29 November 2006

Epitaph for 'social networks'

"Myspace is not about friends." It's about using other people as a status symbol.

28 November 2006

Greg Easterbrook, on Beliefnet, does the old Intelligent Creation repetition, right down to trotting out the slogan teach the controversy:

But then, just as in 1925 opposition to natural selection was not really about the theory but about sustaining a status quo in which people were not supposed to question clergy, so today's evolutionary fundamentalism is not so much about the theory but about sustaining a new status quo in which people are not supposed to question scientists. Yet this discourages students from engaging in one of the most fascinating--if not the most fascinating--of questions: Why are we here?
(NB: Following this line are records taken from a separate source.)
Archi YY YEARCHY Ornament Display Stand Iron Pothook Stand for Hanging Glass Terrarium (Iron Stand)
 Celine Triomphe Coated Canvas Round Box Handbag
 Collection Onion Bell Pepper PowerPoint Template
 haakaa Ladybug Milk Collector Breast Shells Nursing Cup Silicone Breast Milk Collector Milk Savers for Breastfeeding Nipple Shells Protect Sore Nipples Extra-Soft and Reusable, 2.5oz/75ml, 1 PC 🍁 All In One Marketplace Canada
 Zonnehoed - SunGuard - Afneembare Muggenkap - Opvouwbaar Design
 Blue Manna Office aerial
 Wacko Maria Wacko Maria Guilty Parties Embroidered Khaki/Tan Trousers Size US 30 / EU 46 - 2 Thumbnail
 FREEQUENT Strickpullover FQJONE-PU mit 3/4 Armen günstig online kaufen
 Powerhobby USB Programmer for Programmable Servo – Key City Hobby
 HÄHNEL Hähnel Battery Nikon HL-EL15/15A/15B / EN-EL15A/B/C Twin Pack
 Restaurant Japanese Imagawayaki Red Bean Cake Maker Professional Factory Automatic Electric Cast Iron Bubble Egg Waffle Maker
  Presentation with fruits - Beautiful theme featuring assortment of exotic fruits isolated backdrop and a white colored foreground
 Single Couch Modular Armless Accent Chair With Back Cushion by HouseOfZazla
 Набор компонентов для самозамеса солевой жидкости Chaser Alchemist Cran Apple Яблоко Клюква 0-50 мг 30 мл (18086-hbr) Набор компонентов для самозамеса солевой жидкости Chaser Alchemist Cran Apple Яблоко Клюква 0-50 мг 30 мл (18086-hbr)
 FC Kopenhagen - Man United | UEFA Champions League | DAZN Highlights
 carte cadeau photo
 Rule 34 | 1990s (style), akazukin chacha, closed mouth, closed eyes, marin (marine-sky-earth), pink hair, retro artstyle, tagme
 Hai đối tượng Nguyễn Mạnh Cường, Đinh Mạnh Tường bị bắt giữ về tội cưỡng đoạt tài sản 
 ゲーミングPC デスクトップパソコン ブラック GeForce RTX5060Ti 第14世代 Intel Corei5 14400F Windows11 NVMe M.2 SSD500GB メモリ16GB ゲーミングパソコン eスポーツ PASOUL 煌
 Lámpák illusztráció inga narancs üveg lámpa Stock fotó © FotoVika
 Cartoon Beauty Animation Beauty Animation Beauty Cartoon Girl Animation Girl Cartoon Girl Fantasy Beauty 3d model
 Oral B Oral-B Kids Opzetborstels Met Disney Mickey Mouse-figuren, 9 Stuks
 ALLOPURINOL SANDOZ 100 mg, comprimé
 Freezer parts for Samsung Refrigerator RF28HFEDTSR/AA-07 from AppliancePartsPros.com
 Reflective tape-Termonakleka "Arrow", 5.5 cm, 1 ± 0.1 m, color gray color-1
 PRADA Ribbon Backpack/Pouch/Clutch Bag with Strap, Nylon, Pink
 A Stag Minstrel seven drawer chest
The most fascinating question that comes to my mind while reading this paragraph would be if Easterbrook needs directions to the philosophy department, where he would find why's aplenty.

More interestingly, it displays an equation (clergy=scientists) that seems to have been making the rounds among American Intelligent-Creationists: science is just another form of dogma. So it doesn't matter if the dogma is scientific or religious, and they should have equal weight.

02 November 2006

Not everyone who describes themselves as Christian or Jewish believes in God. Indeed, only 76 percent of Protestants, 64 percent of Catholics, and 30 percent of Jews say they are "absolutely certain" there is a God.

...according to this Harris Poll of U.S. adults.

I wonder how many Christians would tell you they believe in reincarnation, to the sighs of clergy that the uneducated believers got the faith wrong.